A criação de empresas e o pagamento de impostos tornaram-se mais rápidos e fáceis, mas outros aspectos continuam ainda por resolver. Por exemplo, persistem as divergências de interpretação na aplicação das leis fiscais. Ainda são longos os atrasos na tomada de decisões judiciais em litígio. A legislação vigente e as informações sobre as falências são ainda escassas.
O sistema financeiro de Cabo Verde dispõe de regras prudenciais e encontra-se ainda pouco integrado nos mercados internacionais. O sistema resiste muitíssimo bem à crise internacional. No entanto, os indicadores de liquidez bancária fragilizaram-se em 2009. A Bolsa de Valores de Cabo Verde, fundada no final de 2005, tem um papel importante para as empresas, bancos e municípios, já que garantiu 94% do total do crédito concedido pelo sistema financeiro nacional à economia. Uma nova estratégia visando reforçar a supervisão do sistema bancário offshore, proposta em 2009 pelo Banco Central, foi aprovada em 2010 em Conselho de Ministros.
A capacidade do sistema financeiro nacional é ainda limitada, apesar do crescente papel da Bolsa, da abertura de três novos bancos em 2010 e do aumento de capital realizado por dois bancos, em 2009. Os empréstimos concedidos pelos bancos são limitados a 9 milhões de EUR. Esta limitação é visível sobretudo, quando as necessidades financeiras das indústrias chave envolvem grandes investimentos como, por exemplo, o financiamento de 25 milhões de euros para duas embarcações rápidas de passageiros ou de 780 milhões para a construção de residências turísticas. A curto prazo, o sector privado é penalizado pela falta de financiamento e a concorrência de empresas estrangeiras que beneficiam de um melhor acesso ao crédito e aos subsídios.

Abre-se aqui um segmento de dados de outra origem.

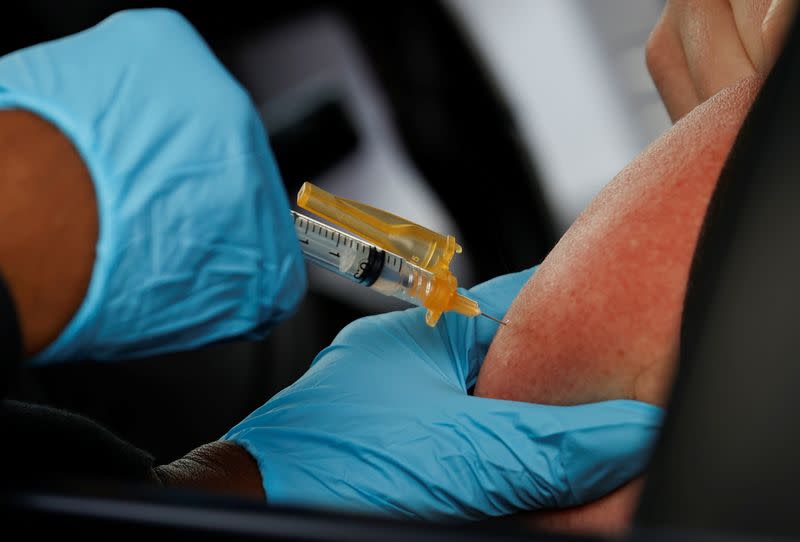 A nurse administers a dose of the Moderna COVID-19 vaccine during the outbreak of the coronavirus disease (COVID-19), in Pasadena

Os cabo-verdianos radicados no estrangeiro participam activamente na vida económica do país, em particular no investimento privado, graças a uma política de incentivos em vigor desde o final dos anos noventa. Eles têm isenções fiscais (de cinco anos, e uma taxa de imposto reduzida a metade nos 10 anos seguintes). Os seus depósitos bancários são melhor remunerados do que os dos residentes.
Outros Desenvolvimentos Recentes
O programa de reforma do Estado segue uma abordagem integrada e inovadora de gestão dos negócios públicos e de descentralização dos serviços públicos graças às iniciativas do Núcleo Operacional da Sociedade de Informação (NOSI). Dois sistemas informáticos destinados à centralização das informações já estão operacionais, um para os municípios e outro para os serviços centrais a nível nacional. Ambos os sistemas estarão em breve interligados. Actualmente 350 instituições do Estado estão cobertas, um número que deverá subir para 800 em Julho de 2011, ou seja 95% do total.
O sistema permite a integração de todos os procedimentos administrativos através de um balcão único, acessível na Casa do Cidadão, mas também através da Internet ou dos telemóveis (cerca de 25.000 assinaturas registadas). As empresas e as famílias podem fazer todos os tipos de procedimentos: registos, certidões, impostos e taxas, licenças, eleições, cuidados de saúde, educação, protecção social. Esta simplificação de procedimentos deverá também encorajar a inclusão no sector formal de certas actividades não sujeitas a qualquer tributação. Em 2009, 8,6% do orçamento nacional foi atribuído à execução do presente programa, com o apoio de vários doadores.
Além de modernizar a sua administração pública, Cabo Verde lançou um vasto programa multisectorial para o desenvolvimento de infraestruturas. O objectivo é diversificar a economia. Uma parte substancial do orçamento, 47% em 2009 e 50% em 2010, foi investida em infraestruturas com vista a modernizar os portos e o transporte marítimo, melhorar a rede rodoviária, construir barragens agrícolas e aumentar a capacidade de produção de energia.
O défice de infraestruturas continua a ser enorme. No domínio dos transportes, o transporte de mercadorias de uma ilha para outra é 1,8 vezes mais caro do que o transporte internacional entre Lisboa e Cabo Verde, com uma média de 2.577 EUR por 20 contentores entre as ilhas. Apesar da construção de 256,7 quilómetros de estradas entre 2001 e 2009, a rede continua a ter baixa qualidade e baixa densidade (apenas 36 km de estrada por 100 km2). Pouco mais de 318 km de estradas são considerados de boa qualidade, ou seja, 20% da rede actual.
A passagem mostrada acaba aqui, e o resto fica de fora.